You don't know how wrong you are, thought Matt, but there was nothing he could do but smile. 'That's great,' he said, feeling that his face was going to crack and fall off.
'Where's Ayesha?' asked Jan.
'I took her home,' said Matt.
'Oh what a shame,' said Eva. 'I was looking forward to meeting her properly. I thought she looked a lovely girl.'
Matt said nothing. He wasn't going to tell his great-aunt, in front of his mother, what the situation was between him and Ayesha. He wasn't even sure he knew what it was himself. Yesh had been acting very strangely on the way home. Realising who Luciano was seemed to have flipped her over the edge.
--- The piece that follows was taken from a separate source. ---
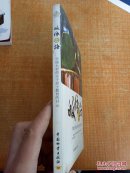 皈依之路---学诚大和尚关于居士教育的开示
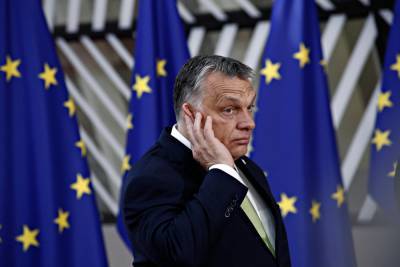 Суд ЕС обязал Венгрию отменить «закон об иностранных агентах»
He'd left her at her house, telling her mother she was overtired and needed to lie down.
'Now tell me all about your university plans,' said Eva. 'Jan tells me you're thinking of Cambridge.'
Matt groaned inwardly. He wondered who had told Jan but she had tactfully withdrawn.
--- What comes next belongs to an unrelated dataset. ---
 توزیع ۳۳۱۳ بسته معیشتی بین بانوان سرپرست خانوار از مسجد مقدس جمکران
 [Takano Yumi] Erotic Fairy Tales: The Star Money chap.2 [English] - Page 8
'Which college?' Eva was asking.
'Queens,' said Matt at random, remembering one that Georgia had mentioned.
'Oh, very good,' said Eva. 'Just down the road from my old college, Newnham. Are they good for computers?'
'Yes,' said Matt, secure that Eva was so language and literature-focused that she wouldn't be able to contradict him. 'But I thought you were at Pembroke?'
Eva laughed. 'I taught at Pembroke before I got the job at Suss.e.x, but that was a men's college when I was an undergraduate. Newnham was where I got my degree women only.'
It sounded like something out of the Ark to Matt. 'I don't suppose I'll get in, though,' he said hastily. 'It's very hard.'
'Well, at least you won't have to sit an exam,' said Eva. 'They'll go on your A level results and an interview.'
'I haven't even done my AS yet,' Matt reminded her. 'I don't have to decide until next year.'
'It's good to start thinking about it now though,' said Eva. 'Maybe if you haven't spent my birthday present yet, you could get a book about the application process?'
Matt felt guilty; he hadn't thanked her. He never did. Writing was hard for him but he could have phoned. He decided on a whim to tell her the truth.
'I got this,' he said, pulling the Talian spell-book from his jeans pocket. He never went anywhere without it now.
Eva seemed fascinated. She took the book from him and unwound the leather straps almost reverently.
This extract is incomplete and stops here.